力の限り愛機を弾き倒す竹田の元へ駆け寄り、しゃがみこみながら彼の後頭部に当てた手をグイッと力強く引き寄せ、額同士を密着させながら熱唱する久我のアクロバティックな姿は、愛すべき新メンバーに「LIPHLICHの熱」を注ぎ込んでいるかの様にも見えた。
息つく間もなく久我が「Wendy!Wendy!」と叫ぶようにフロアへ呼びかける。
普段、フロアに多くを要求しない彼がこの日ばかりは「聞かせろ!」と何度も暴力的な声を振り翳す姿は実に新鮮だ。
そして、ここでLIPHLICHの在り方とWendyへの誓いを強く唱えた『FLEURET』が演奏される。
フロアからの激烈なる声を受け、満足げな表情を浮かべた彼が歌い出し前の一瞬に漏らした「ありがとう」の言葉には、「ただいま」にも似た安堵の念が宿っていた。
かつて仲間との別れに涙を流しながらこの唄を歌っていた彼が今、自信と希望に満ち溢れた表情で口にする「僕だけの小さな世界へと君だけを連れ込んでみせる 思い出も一緒に連れた先に涙はない」という詩の説得力はあまりにも強烈で、楽曲が在るべき姿に戻った喜びを痛い程感じさせられた。
塊の様に迫る4つの音が止み、照明が落とされたステージの奥で力強く掲げられた新井の握り拳は、演者が得たこれ以上ない「手応え」の表れだろう。
そして、「LIPHLICHの神髄」のひとつである湿度の高いメロウナンバー『脳裏のドロ』が幕を開ける。
一流サスペンスホラー顔負けの猟奇的な世界に身を置いた主人公に憑依する久我の所作ひとつひとつと、激情に揺れる渾身の歌声に魂ごと奪われ、静止画の様に立ち尽くす聴衆。
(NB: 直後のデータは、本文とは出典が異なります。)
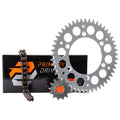 Primary Drive Alloy Kit & O-Ring Chain Silver Rear Sprocket For  YZ125X 2020-2022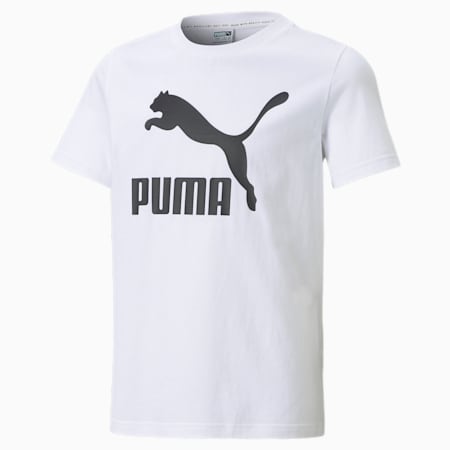 PUMA Camiseta con gráficos amplificados para niños (S, Puma Negro Blanco),  Puma, Negro, Blanco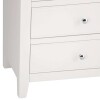 Stylish 6-Chest of Drawers White with Oak Top - Image 7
その異様な光景に「LIPHLICHの魔術」を感じざるを得なかった。
麗しい殺人劇の余韻も冷めやらぬ中、極めて硬質で凶悪なフロアタムがWendyの頭を殴りつける。
ひとつの楽曲に無数のアレンジを施すLIPHLICHは、「導入部だけでは次に何の曲が来るのか分からない」というドキドキ感をくれる物珍しいバンドだ。
「一体何が始まるのか」と固唾を飲むフロアの頭上に「!」を灯したのは、QUEENの『WE WILL ROCK YOU』を模した小林の重厚なリズムだった。
視線をズラせば、そこにはタクトを手にした久我が待ち構えており、一同は『HURRAH HURRAY』へとなだれ込んだ。
「頭振りませんか?一緒に頭ブン回しませんか?一緒に首壊しませんか?」という久我の熱いエスコートを受け、LIPHLICHが誇るノーリミットナンバー『ホロウ』が炸裂!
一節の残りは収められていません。